Di tutti questi temi parleremo giovedì 24 maggio alle 18.15 all’Auditorium della Corte di Giarola, con Andrea Trevisani, direttore nazionale delle Politiche Fiscali di Confartigianato, impegnato quotidianamente nella tutela della categoria.

Cercheremo di capire quale sarà il fisco del prossimo futuro, perchè stiamo assistendo a scelte che hanno lo scopo di accelerare la digitalizzazione e anche di contrastare l’evasione e l’elusione fiscale.

La preoccupazione delle imprese, in particolare per quelle di piccole dimensioni, riguarda la difficoltà d’accesso e uso di sistemi informatici e telematici indispensabili per adempiere ai nuovi obblighi. Molti imprenditori vedono alzarsi l’asticella delle competenze necessarie per essere in grado di comunicare con la PA, soprattutto con l’Agenzia delle Entrate e ciò fa crescere dubbi sulla effettiva capacità di poter affrontare il cambiamento.

Diverse forze politiche promettono una riduzione della pressione fiscale, ma pur essendo una scelta auspicabile ci dobbiamo domandare se il bilancio statale lo consentirà.

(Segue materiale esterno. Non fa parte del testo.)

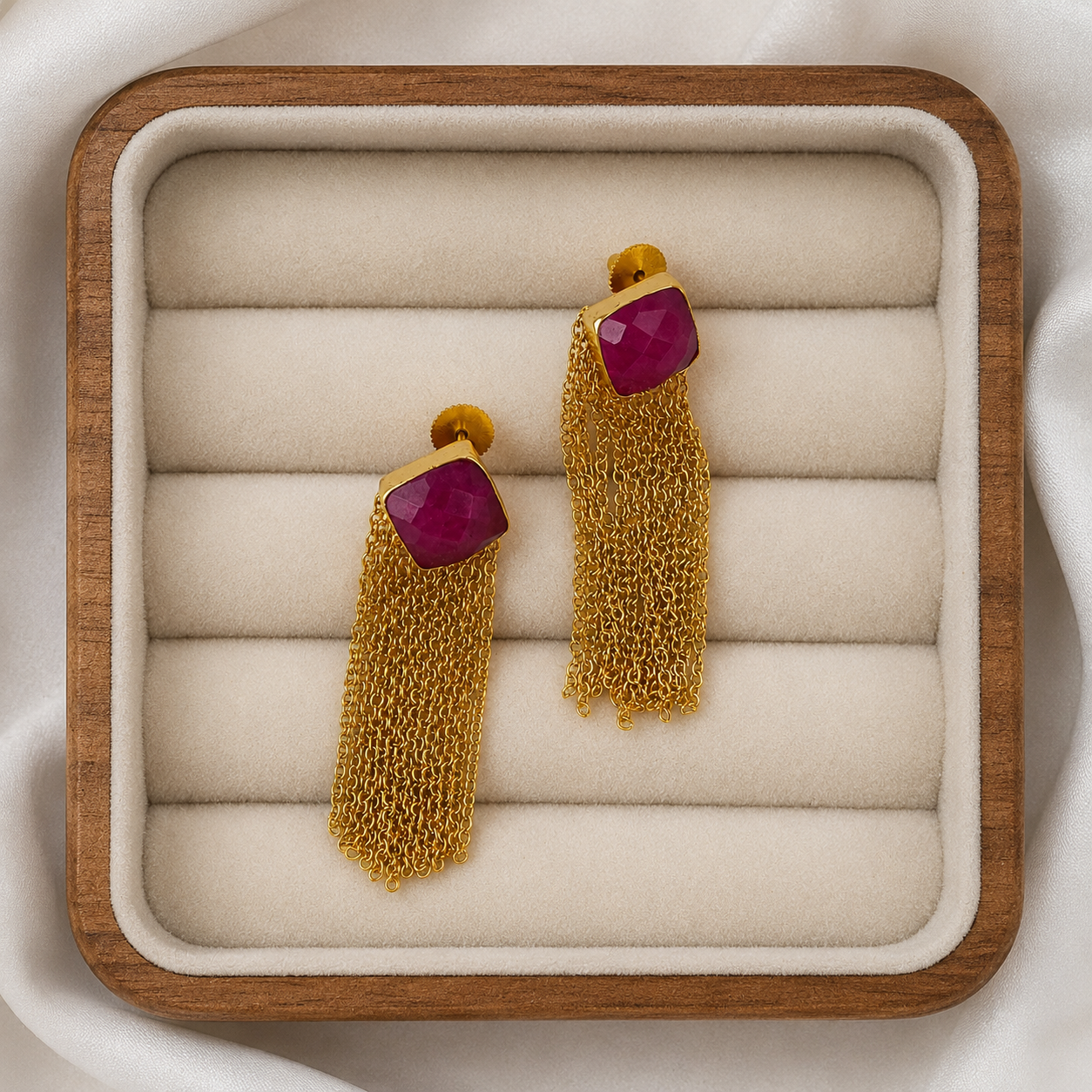 The Ruby Rose Cascade Drops –  Gold Plated Cushion Ruby & Chain Fringe Earrings
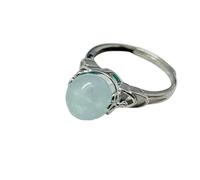 NTALJC Anneau de balle aigue-marine naturel anneau de couleur cristal ajusté ajusté en pierre ouverte des femmes anneau de pierre ouverte de la femme reiki anne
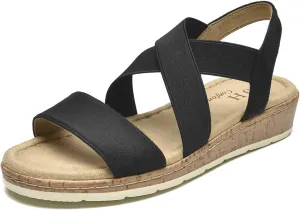 VJH confort Women's Flat sandals, Comfort Slip-on Elastic ankle strap Slingback Light Weight Casual Walking Sandals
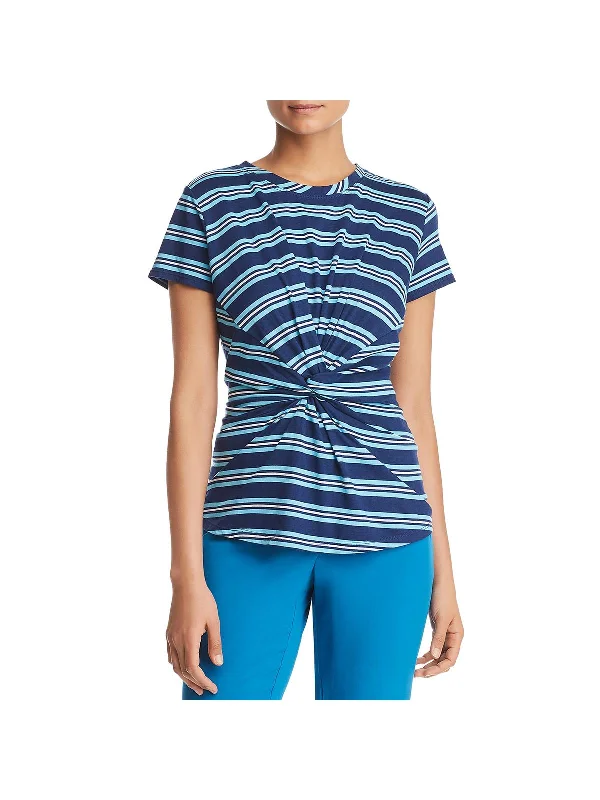 Seasonal Sale Womens Printed Knot-Front Casual Top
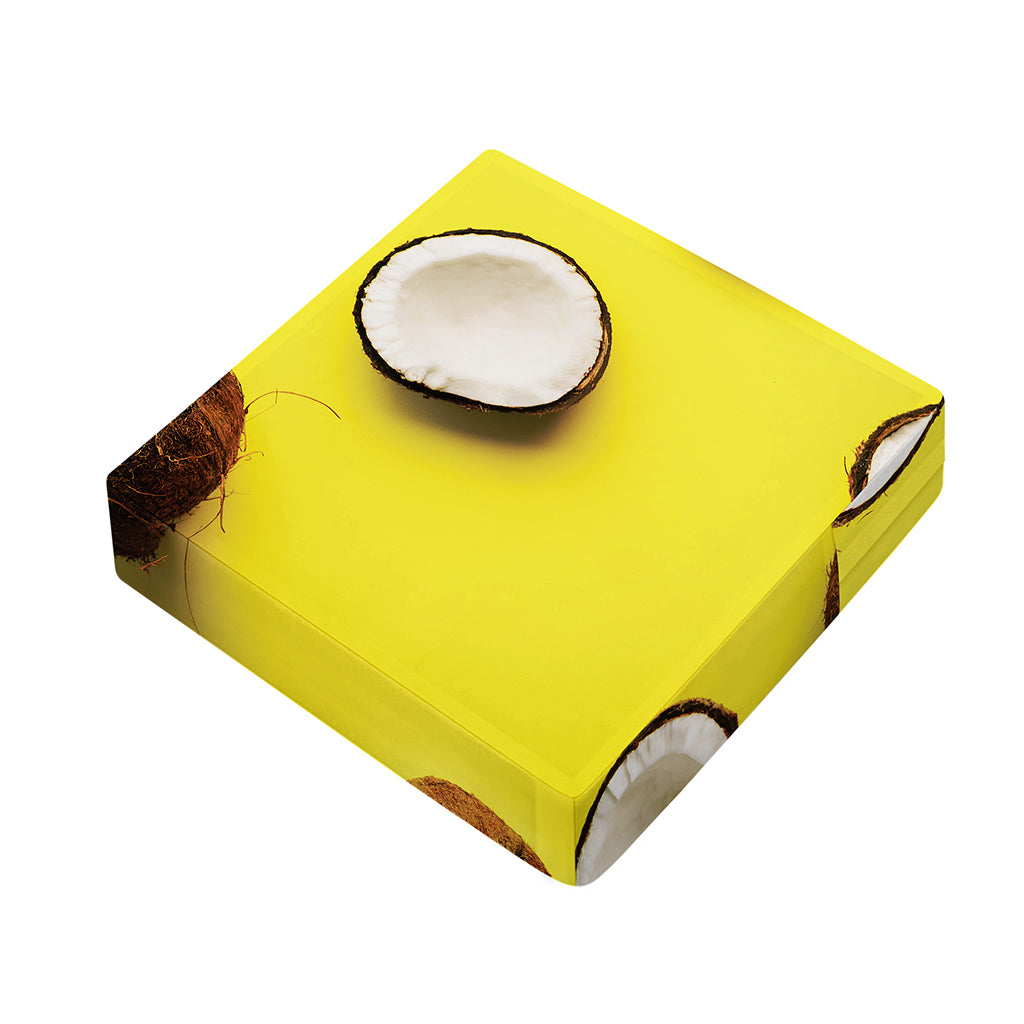 Yellow Coconut Pattern Print Outdoor Seat Cushion Cover
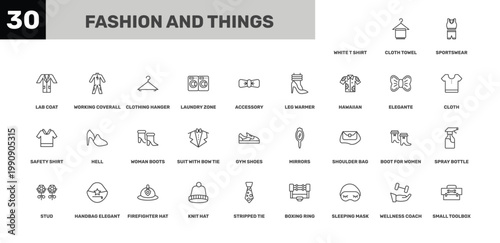 fashion and things icon set with sportswear, clothing hanger, stripped tie signs in flat outline style
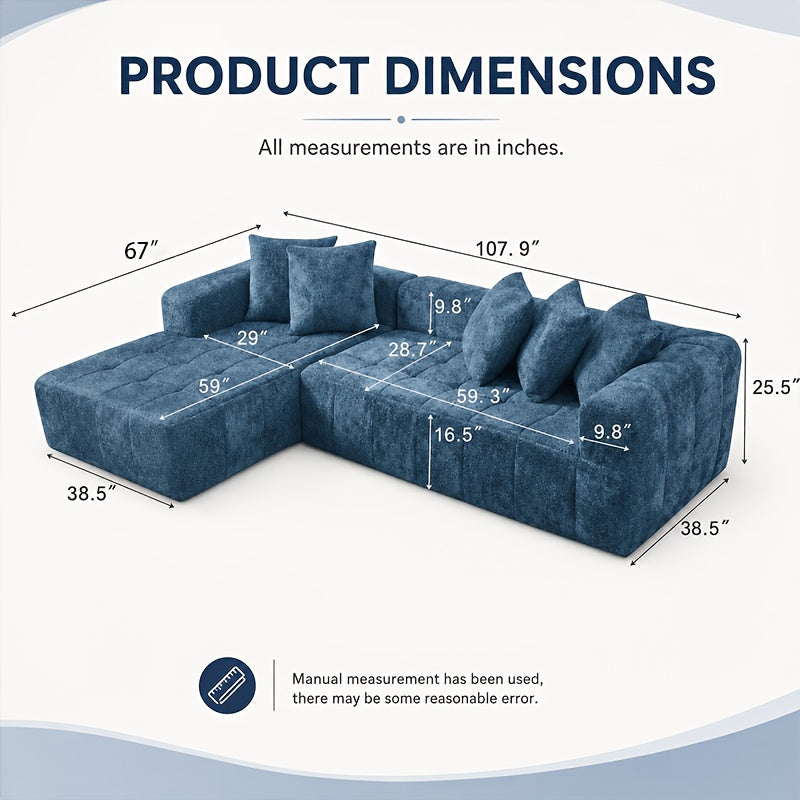 107 9 oversized modular sectional sofa deep seat l shaped - Temu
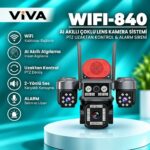 WIFI SMART 4KAMERA ALARM-SİREN 355PTZ FULL COLOUR-INFRARED WIFI-840 VIVA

L’appuntamento rientra nel calendario di eventi di celebrazione del 70°. A tutti gli associati che interverranno sarà consegnato l’attestato di riconoscenza.

Il convegno è organizzato grazie al patrocinio del Comune di Collecchio e al sostegno di Cariparma Crédit Agricole, Stefano Nani consulenze assicurative e Uniontel.